Ной улыбнулся в ответ. За последние три недели совместной службы он хорошо узнал Бернекера.
— Теперь уже осталось немного, — успокоил его Ной.
— А как ты себя чувствуешь? — спросил его Бернекер.
— Хорошо.
— Я бы отдал закладную на восемьдесят акров земли моего отца в обмен на твой желудок, — сказал Бернекер.
По воде разнесся смешанный гул усиленных рупорами голосов. Баржа резко повернула и, набрав скорость, устремилась к берегу. Ной прижался к мокрому стальному борту, готовый спрыгнуть с баржи, как только опустят трап.
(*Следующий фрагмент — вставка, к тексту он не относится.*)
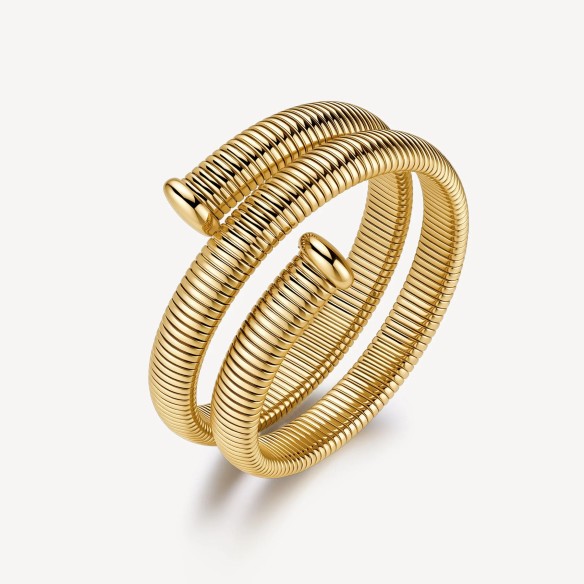 Bracciale Weave Rigido Gold Brosway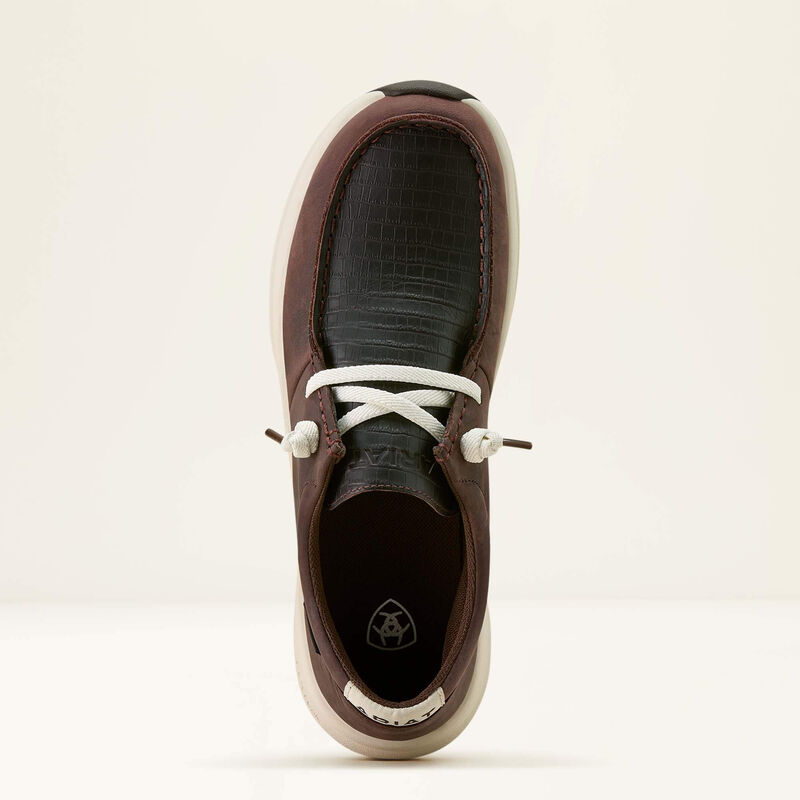 Ariat Women's Buckeye Waterproof Shoes - Chocolate Caiman Emboss Print - Irvine Tack & Western Wear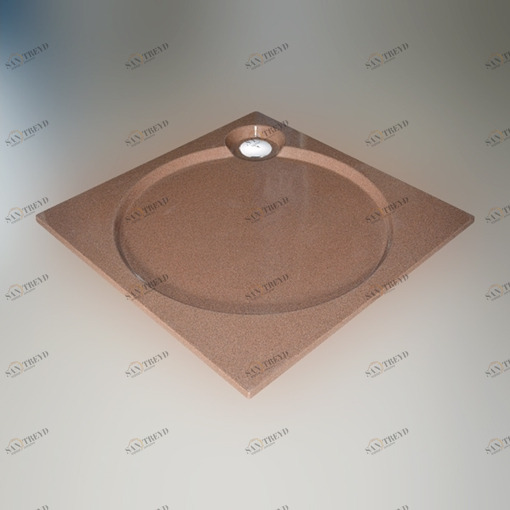 Душевой поддон 80X80X2 СМ Q-ТЕРРАКОТ GUTEWETTER Shower trays 80X80X2СМQТЕРРАКОТ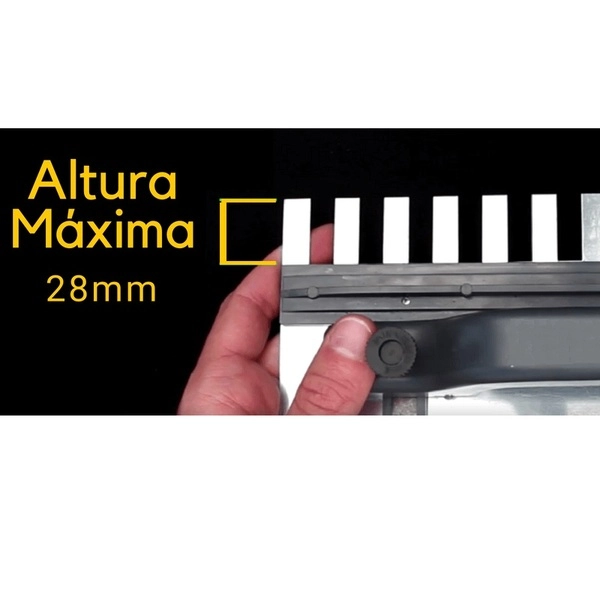 Desempenadeira Dentada C/regulagem 430x120mm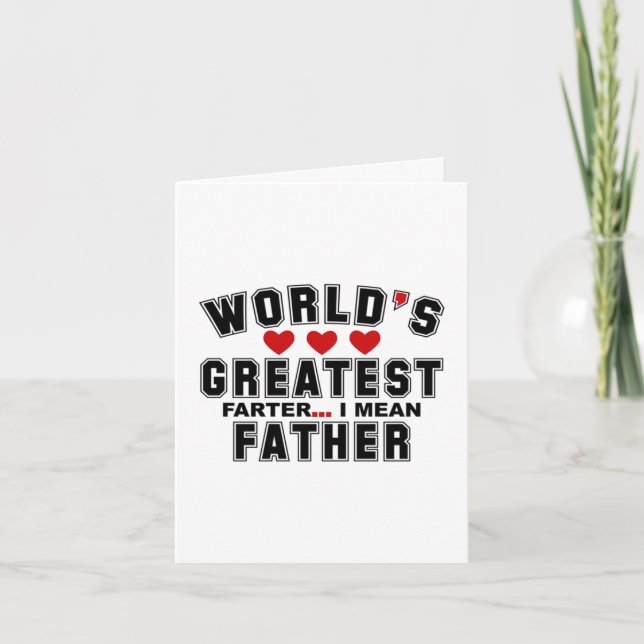 You are the BEST Father Happy Fathers Day 2024 Thank You Card (Front)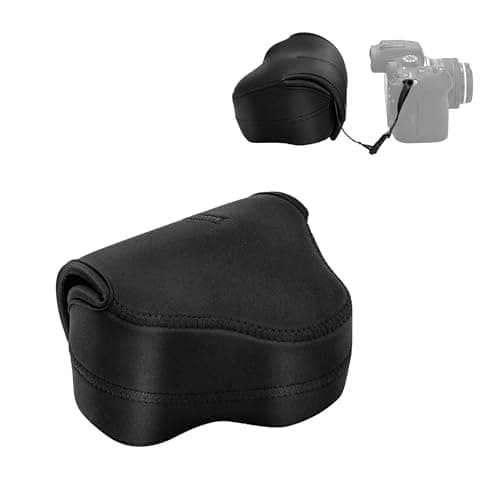 Image of JJC Mirrorless Camera Case Ultra-Light Protective Pouch Bag for Leica Q3, Canon EOS R7 R10 with RF-S 18-45mm Lens & More Compact Digital Camera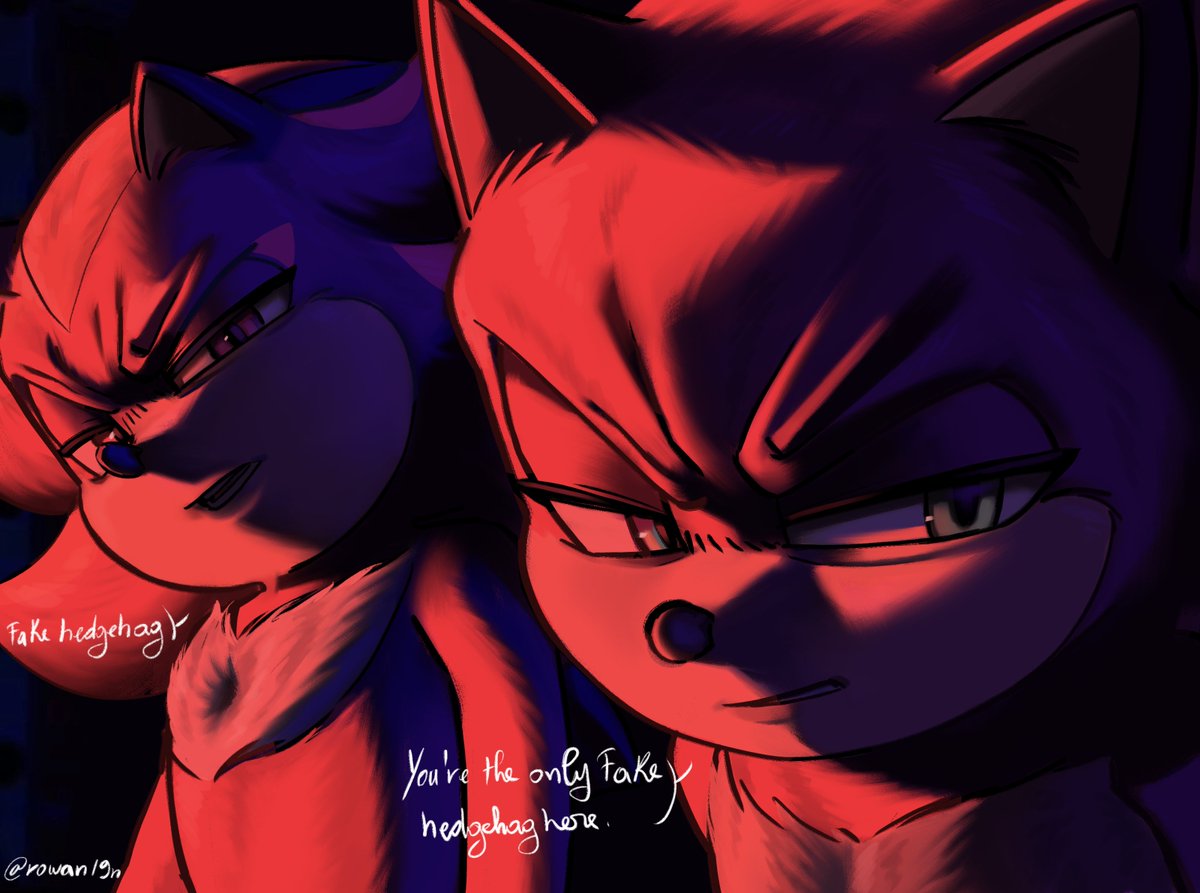 rowan19n's tweet photo. Same vibes #Sonicthehedgehog  #shadowthehedgehog #spiderman #spiderverse https://t.co/Pyq3W51a5y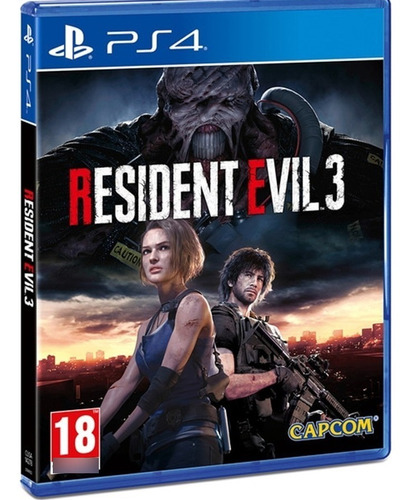 Resident Evil  3 Ps4. Fisico, Nuevo. Entrega Inmediata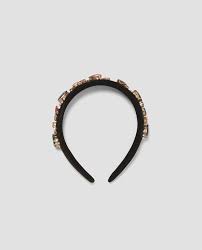 Zara Mujer Diadema Ancha Terciopelo Piedras 15 95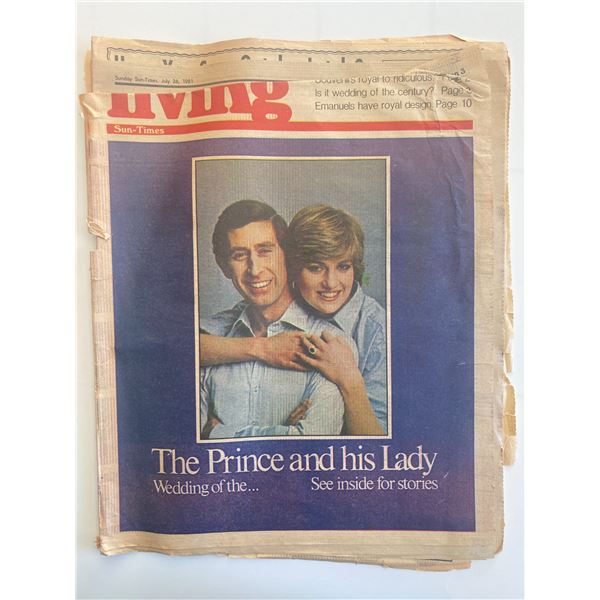 Chicago Living Sun-Times Original 1981 Vintage Newspaper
Волны все сильнее били о корпус несущейся вперед баржи. «Может быть, — подумал Ной, — в лагере меня ждет телеграмма от Хоуп, извещающая, что все уже позади. Когда-нибудь потом я усядусь рядом с сыном и скажу ему: „В тот день, когда ты родился, я высаживался на берег Англии с двадцатью фунтами тола в руках“».
Ной улыбнулся. «Было бы, конечно, лучше в это время быть рядом с Хоуп, — размышлял он, — но нет худа без добра. Здесь мы настолько заняты, что для тревожных мыслей почти не остается времени. Мне не придется нервно шагать по коридору, не вынимая изо рта сигареты, не придется прислушиваться к ее крикам. Пусть это эгоистично, но во всем этом есть несомненные преимущества».
Баржа зашуршала по гладкому дну, и секундой позже опустился трап. Ной спрыгнул и, чувствуя, как снаряжение сильно хлопает по спине и по бокам, а поверх краг льется холодная вода, быстро выскочил на берег, добежал до небольшого холмика и залег под его укрытием. Другие солдаты, выбравшись из воды, быстро рассредоточились, ныряя в ямки или прячась за низкорослыми кустиками. Стрелки открыли огонь по доту, расположенному на небольшом утесе, нависшем над берегом шагах в ста. Солдаты подрывной команды осторожно подползли к колючей проволоке, заложили заряды и побежали обратно. Подрывные заряды взорвались, и острый запах тола смешался с ароматным, плотным запахом дыма поставленной самолетом завесы.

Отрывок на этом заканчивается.